The first 2 reasons I got out of my Friday chat with D.
Looking for a guarantee
When learning and doing research on subjects outside of my wheelhouse (e.g. marketing, sales), I've been looking for patterns and fundamental truths. I think I've founds some, which is good. But going beyond that I think I've been looking for a roadmap as well. I am ready to work hard and actually want to work hard. Bu before I do that, I want to prove to myself that if I do x, y and z for 2 years it will result in some desirable outcome. I am looking at other people and what they've done and looking to collect data points based on their experience. And I've successfully found some data points. I keep looking for more. Like a playbook to follow that will more or less guarantee success. There is no such thing.
[Add story of the a fitness thing, where there are some guarantees. I just did it, for 12 weeks got all checkmarks every day. No execuses. No overthinking. Just followed the process. Kept a log of weekly progress which was helpful]

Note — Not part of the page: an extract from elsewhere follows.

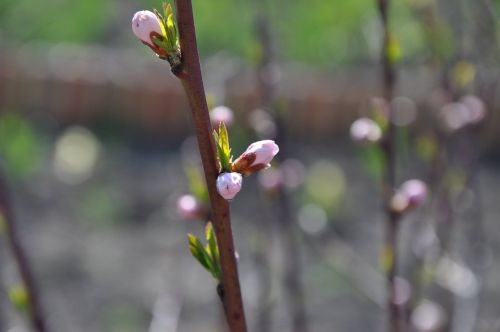 garden bloom tree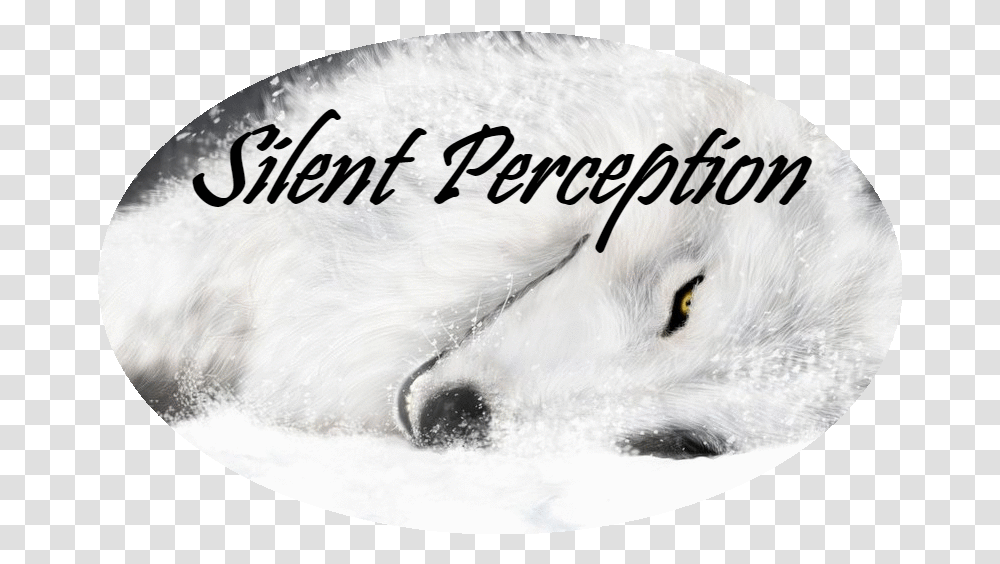 4k Wallpaper White Wolf White Wolf, Mammal, Animal, White Dog, Pet Transparent Png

Scarcity mindset, in terms of time
This feeling that I don't want to waste any of work time working on the wrong thing or making avoidable mistakes that cost me a lot of time. So I don't dive into anything and work on it long enough unless I can prove ahead of time that it'll work. If I see it not working then I bolt and look for something else to do. This is also related to this fear. Fear of working hard on something (making sacrifices in other aspect of life) and then having that thing not get traction, having that thing fail. The imagined pain from this potential outcome has prevented me from throwing myself into something and working hard on it. Partly because, I know this:
Traction is more connected to underlying demand than founder effort. Effort in != Revenue out. So just because I work hard on something, doesn't mean it has to work out. Those two things are not related in that way. (The above from Justin Jackson newsletter from this week but the lesson I learned 1.5 years ago and Courtland Allen has also mentioned this on the IH pod a few times).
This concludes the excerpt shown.